Aim of the exercise: Your job is to write out each record exactly, leaving none out.

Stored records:
__________________________________________________

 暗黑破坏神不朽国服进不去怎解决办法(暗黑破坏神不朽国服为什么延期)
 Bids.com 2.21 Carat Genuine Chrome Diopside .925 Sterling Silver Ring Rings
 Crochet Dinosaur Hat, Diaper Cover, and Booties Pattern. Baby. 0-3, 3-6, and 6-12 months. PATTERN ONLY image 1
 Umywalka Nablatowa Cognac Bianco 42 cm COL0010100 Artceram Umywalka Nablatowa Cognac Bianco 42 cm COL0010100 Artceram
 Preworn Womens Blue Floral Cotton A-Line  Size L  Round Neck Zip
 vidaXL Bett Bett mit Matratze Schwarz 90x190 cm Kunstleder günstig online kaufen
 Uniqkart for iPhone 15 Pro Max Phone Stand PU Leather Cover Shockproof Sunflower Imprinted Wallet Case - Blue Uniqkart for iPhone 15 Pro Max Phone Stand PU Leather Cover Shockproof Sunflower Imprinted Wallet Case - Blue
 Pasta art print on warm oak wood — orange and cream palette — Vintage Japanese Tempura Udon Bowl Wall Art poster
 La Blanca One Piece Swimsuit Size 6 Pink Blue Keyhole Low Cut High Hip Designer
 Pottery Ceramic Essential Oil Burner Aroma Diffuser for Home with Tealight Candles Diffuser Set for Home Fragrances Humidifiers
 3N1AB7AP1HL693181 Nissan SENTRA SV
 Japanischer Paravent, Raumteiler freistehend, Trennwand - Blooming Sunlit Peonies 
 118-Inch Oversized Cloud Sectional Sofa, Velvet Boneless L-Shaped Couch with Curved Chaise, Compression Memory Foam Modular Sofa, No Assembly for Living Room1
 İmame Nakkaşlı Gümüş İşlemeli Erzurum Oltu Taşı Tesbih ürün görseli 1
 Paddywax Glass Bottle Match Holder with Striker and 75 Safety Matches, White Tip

__________________________________________________

Exercise answer:
 暗黑破坏神不朽国服进不去怎解决办法(暗黑破坏神不朽国服为什么延期)
 Bids.com 2.21 Carat Genuine Chrome Diopside .925 Sterling Silver Ring Rings
 Crochet Dinosaur Hat, Diaper Cover, and Booties Pattern. Baby. 0-3, 3-6, and 6-12 months. PATTERN ONLY image 1
 Umywalka Nablatowa Cognac Bianco 42 cm COL0010100 Artceram Umywalka Nablatowa Cognac Bianco 42 cm COL0010100 Artceram
 Preworn Womens Blue Floral Cotton A-Line  Size L  Round Neck Zip
 vidaXL Bett Bett mit Matratze Schwarz 90x190 cm Kunstleder günstig online kaufen
 Uniqkart for iPhone 15 Pro Max Phone Stand PU Leather Cover Shockproof Sunflower Imprinted Wallet Case - Blue Uniqkart for iPhone 15 Pro Max Phone Stand PU Leather Cover Shockproof Sunflower Imprinted Wallet Case - Blue
 Pasta art print on warm oak wood — orange and cream palette — Vintage Japanese Tempura Udon Bowl Wall Art poster
 La Blanca One Piece Swimsuit Size 6 Pink Blue Keyhole Low Cut High Hip Designer
 Pottery Ceramic Essential Oil Burner Aroma Diffuser for Home with Tealight Candles Diffuser Set for Home Fragrances Humidifiers
 3N1AB7AP1HL693181 Nissan SENTRA SV
 Japanischer Paravent, Raumteiler freistehend, Trennwand - Blooming Sunlit Peonies 
 118-Inch Oversized Cloud Sectional Sofa, Velvet Boneless L-Shaped Couch with Curved Chaise, Compression Memory Foam Modular Sofa, No Assembly for Living Room1
 İmame Nakkaşlı Gümüş İşlemeli Erzurum Oltu Taşı Tesbih ürün görseli 1
 Paddywax Glass Bottle Match Holder with Striker and 75 Safety Matches, White Tip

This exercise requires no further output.